Not even the general public. I would say it’s to appease the objections of certain individuals. Unfortunately, the people who are really going to need this therapy are not being consulted. The infertile population we have right now is not being consulted... and please note: it is at least one in six people... and expected to increase. One in six is not a small number. But they are not being consulted, mainly because they are not coming forward. The stigma is still there. We think of Third World countries where infertile women are cast out of communities, as something disgusting – and it is – but we do the same thing here. A woman who is infertile still feels the taboo. And even more than that, they are scared to come forward because, if they eventually do have a child through IVF, and people get to know about it... they are afraid that even their children will be stigmatised. That is why very few come out in public. But the ones who are really going to need it are not voicing their opinion. I think it’s ridiculous that people who have had four, five, nine children feel empowered enough to impose on the childless, and tell them: ‘Lump it. You’re not going to have babies...’

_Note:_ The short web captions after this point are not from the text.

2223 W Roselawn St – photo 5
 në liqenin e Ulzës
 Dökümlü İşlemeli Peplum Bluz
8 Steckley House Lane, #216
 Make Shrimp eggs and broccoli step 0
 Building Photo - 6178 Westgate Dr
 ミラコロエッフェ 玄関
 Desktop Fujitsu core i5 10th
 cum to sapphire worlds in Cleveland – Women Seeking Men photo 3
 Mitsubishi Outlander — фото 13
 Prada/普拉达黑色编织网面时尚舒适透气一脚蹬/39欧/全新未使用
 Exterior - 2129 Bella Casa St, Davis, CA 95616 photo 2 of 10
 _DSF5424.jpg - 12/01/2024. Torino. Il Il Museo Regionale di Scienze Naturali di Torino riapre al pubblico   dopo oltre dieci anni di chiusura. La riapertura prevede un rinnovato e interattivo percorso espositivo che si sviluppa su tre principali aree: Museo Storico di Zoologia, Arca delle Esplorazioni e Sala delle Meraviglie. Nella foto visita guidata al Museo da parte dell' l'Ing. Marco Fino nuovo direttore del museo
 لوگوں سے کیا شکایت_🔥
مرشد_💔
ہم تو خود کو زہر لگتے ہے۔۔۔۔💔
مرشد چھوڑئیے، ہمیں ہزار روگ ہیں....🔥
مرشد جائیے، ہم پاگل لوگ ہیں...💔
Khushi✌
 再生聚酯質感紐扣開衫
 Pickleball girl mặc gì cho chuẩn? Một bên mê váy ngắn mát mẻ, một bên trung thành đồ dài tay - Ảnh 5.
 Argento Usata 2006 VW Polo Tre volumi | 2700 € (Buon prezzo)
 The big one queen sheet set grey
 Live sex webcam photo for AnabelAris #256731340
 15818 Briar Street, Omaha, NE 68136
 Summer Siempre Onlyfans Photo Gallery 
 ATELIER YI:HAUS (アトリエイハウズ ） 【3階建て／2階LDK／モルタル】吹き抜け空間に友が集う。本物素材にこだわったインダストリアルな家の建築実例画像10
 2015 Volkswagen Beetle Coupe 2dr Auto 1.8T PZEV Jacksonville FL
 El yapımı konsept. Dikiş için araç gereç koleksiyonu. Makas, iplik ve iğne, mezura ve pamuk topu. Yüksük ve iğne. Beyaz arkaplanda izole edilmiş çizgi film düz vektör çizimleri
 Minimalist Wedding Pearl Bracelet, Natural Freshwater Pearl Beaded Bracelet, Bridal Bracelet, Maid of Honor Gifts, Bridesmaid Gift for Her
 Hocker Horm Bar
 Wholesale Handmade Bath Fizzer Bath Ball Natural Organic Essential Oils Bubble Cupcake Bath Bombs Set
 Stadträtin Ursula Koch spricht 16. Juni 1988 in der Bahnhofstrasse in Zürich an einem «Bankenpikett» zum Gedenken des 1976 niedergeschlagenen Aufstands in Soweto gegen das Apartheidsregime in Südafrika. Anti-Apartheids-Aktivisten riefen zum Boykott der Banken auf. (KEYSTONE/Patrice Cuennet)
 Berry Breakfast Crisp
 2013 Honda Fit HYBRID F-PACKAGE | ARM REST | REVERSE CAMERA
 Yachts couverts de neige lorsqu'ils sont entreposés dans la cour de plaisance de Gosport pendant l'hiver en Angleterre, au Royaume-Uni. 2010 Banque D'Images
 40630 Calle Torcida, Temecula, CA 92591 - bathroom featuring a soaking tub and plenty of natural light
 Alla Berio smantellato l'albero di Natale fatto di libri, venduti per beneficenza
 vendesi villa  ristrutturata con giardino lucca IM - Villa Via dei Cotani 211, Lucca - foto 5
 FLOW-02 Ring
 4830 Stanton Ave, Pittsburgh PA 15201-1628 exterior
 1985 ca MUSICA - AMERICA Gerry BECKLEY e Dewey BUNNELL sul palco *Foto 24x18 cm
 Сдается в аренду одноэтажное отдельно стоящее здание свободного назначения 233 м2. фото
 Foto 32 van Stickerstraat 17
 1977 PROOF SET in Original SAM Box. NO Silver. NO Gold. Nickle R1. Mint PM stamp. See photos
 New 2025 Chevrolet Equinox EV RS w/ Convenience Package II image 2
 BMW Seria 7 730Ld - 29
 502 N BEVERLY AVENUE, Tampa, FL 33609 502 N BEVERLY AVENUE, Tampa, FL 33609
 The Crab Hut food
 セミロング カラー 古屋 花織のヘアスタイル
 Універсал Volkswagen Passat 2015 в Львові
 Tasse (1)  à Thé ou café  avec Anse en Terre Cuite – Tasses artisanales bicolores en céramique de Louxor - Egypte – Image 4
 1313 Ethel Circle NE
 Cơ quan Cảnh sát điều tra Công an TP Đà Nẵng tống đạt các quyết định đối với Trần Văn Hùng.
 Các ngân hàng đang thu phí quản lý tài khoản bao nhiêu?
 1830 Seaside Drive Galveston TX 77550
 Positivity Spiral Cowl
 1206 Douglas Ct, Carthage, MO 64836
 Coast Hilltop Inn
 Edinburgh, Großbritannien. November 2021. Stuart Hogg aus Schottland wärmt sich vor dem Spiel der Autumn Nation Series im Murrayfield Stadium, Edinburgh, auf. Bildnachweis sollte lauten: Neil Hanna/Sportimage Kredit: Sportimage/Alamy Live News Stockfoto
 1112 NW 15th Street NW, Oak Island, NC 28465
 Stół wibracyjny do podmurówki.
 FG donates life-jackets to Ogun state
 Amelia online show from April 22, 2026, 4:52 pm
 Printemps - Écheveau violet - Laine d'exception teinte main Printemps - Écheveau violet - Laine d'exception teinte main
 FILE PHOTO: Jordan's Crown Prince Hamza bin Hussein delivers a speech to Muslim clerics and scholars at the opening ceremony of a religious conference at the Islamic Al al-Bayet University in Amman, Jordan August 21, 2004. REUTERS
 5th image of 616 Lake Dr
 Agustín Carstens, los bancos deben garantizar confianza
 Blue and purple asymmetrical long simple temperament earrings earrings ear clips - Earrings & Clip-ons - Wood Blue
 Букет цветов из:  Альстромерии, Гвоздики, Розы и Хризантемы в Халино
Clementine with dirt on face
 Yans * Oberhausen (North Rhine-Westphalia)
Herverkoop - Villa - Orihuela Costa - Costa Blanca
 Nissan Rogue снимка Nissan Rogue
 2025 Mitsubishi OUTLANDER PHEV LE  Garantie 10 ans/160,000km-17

I think it’s ridiculous that people who have had four, five, nine children feel empowered enough to impose on the childless, and tell them: ‘Lump it. You’re not going to have babies...’
This seems to echo arguments made in Parliament recently, to the effect that legislators should not grant rights that have been ‘denied by God and nature’. What is your answer to that?
That argument throws away medicine in general. Let’s say I have a strong family history of heart disease – my father died at 40, his brother died at 42... and I’m next in line. So I go and have an angiogram done, and find that my veins are a bit tight. So we put stints in them, and I end up living till I’m 70 or 80. I was not meant to live that long. My genes were meant for me to snuff it when I was 40... but medicine intervened. We do the same thing with disabled people. Do we throw them away? No. We care for them, medicine tries its best, etc. Same with renal failure. We don’t give up on those cases: we try to obtain organs and transplant them. This is about medicine. And this concept, that infertility is ‘just a luxury’, is wrong. In Europe, infertility is a medical condition. If you have a right to medicine, you have a right to medical treatment for infertility. [...] The idea that this is just about women being capricious... wanting to have a child, because she ‘would like to have one’... is wrong. That woman has a very basic, instinctive need to procreate; and the inability to do so is a medical condition, and that is how it has to be treated. I really hate it when people talk about a woman ‘desiring to have a child’. No. She might ‘desire’ to have a nice set of curtains... not to have a baby. The baby is an instinctive need, not a desire.